The Food and Drug Administration said pharmacists can begin screening patients to see if they are eligible for Paxlovid and then prescribe the medication, which has been shown to curb the worst effects of COVID-19. Previously only physicians could prescribe the antiviral drug.

The announcement comes as COVID-19 cases, hospitalizations and deaths are rising again, though they remain near their lowest levels since the coronavirus outbreak began in 2020.

Biden administration officials have expressed frustration that several hundred Americans continue to die of COVID-19 daily, despite the availability of vaccines and treatments.

Administration officials have been working for months to increase access to Paxlovid, opening thousands of sites where patients who test positive can fill a prescription for Paxlovid. The FDA change will make thousands more pharmacies eligible to quickly prescribe and dispense the pill, which must be used early to be effective.

“Since Paxlovid must be taken within five days after symptoms begin, authorizing state-licensed pharmacists to prescribe Paxlovid could expand access to timely treatment,” FDA drug center director Patrizia Cavazzoni, said in a statement.

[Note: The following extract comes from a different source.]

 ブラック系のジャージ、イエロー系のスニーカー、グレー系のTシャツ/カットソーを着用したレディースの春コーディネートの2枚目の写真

Still, use could be limited by paperwork requirements. Patients are expected to bring their recent health records— including blood tests — and a list of their current medications so pharmacists can check for health conditions and medications that can negatively interact with Paxlovid. As an alternative, pharmacists can consult with the patient’s doctor.

Paxlovid is intended for people with COVID-19 who are more likely to become seriously ill. That includes older people and those with other health issues like heart disease, obesity, cancer or diabetes that make them more vulnerable. It isn’t recommended for patients with severe kidney or liver problems. A course of treatment is three pills twice a day for five days.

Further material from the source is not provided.